Singles from Workin' Together
- "Workin' Together" Released: October 1970; "Proud Mary" Released: January 14, 1971; "Ooh Poo Pah Doo" Released: April 1971; "Get Back" Released: November 1972;

= Workin' Together =

Workin' Together is a studio album released by Ike & Tina Turner on Liberty Records on November 9, 1970. This was their second album with Liberty and their most successful studio album. The album contains their Grammy Award-winning single "Proud Mary."

== Content and release ==
Much like their previous album, Come Together, the album features soul-infused covers of rock songs and renewed versions of previous Ike & Tina songs. The album featured the duo's biggest-selling hit, a funk rock cover of "Proud Mary." The B-side, "Funkier Than a Mosquita's Tweeter", was written by Tina's sister Alline Bullock and later covered by Nina Simone. Several of the songs were written by Ike (including two by "Eki Renrut", which is Ike Turner spelled backward), including "The Way You Love Me", which the Turners had recorded for their debut album, The Soul of Ike & Tina Turner, nearly a decade earlier.

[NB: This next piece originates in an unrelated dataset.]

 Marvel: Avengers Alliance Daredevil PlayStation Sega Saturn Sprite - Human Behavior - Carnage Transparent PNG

Three singles were released from the album in the US. The title track, "Workin' Together," peaked at No. 41 on the Billboard R&B chart and No. 105 on Bubbling Under The Hot 100. The second single, a cover of "Proud Mary" by Creedence Clearwater Revival, became the duo's biggest hit. It peaked at No. 4 on the Hot 100 chart and reached No. 5 on the R&B chart. It also earned Ike and Tina a Grammy Award for Best R&B Vocal Performance by a Group in 1972. The third single, a cover of "Ooh Poo Pah Doo" by Jessie Hill, peaked at No. 31 on the R&B chart and No. 60 on the Hot 100. A fourth single, a cover of "Get Back" by the Beatles, was released in Germany.

== Critical reception ==

The album received positive reviews. Thomas Popson wrote for the Chicago Tribune that Workin' Together is "another fine album from two thoroughly professional entertainers."

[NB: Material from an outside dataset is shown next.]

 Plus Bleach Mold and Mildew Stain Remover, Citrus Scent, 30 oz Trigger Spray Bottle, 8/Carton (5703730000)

Billboard (November 21, 1970): Nobody works harder than Ike & Tina Turner and workin' together they take top material, rip it up, and resoul "Proud Mary," "Let It Be," "Get Back" and "Ooh Poo Pah Doo" their way. The duo gather a full head of funky, raucous steam, hitting only the heights of energy and excitement on the title romp, plus more of Ike's super rhythm workouts. Can't keep this kind of "up" music down. San Francisco Examiner (November 29, 1970): "Ike and Tina's latest album ... is a superb example of how they combine rock and soul elements. Probably the most musically balanced record of their career, and one of the best pop discs of the year."

Professional ratings
Review scores
| Source | Rating |
| Allmusic | Star Half star |
| Christgau's Record Guide | B |

== Awards ==
In 1971, Ike & Tina Turner won the Prix Otis Redding (best R&B album) from the Académie du Jazz for Workin' Together.

== Reissues ==
Workin' Together was digitally remastered and released by BGO records on the compilation CD Workin' Together/Let Me Touch Your Mind in 2011. The album was reissued on vinyl in 2016.

== Track listing ==
All tracks written by Ike Turner, except where noted. Tracks 1 and 6 were credited to "Eki Renrut" (Ike Turner backwards).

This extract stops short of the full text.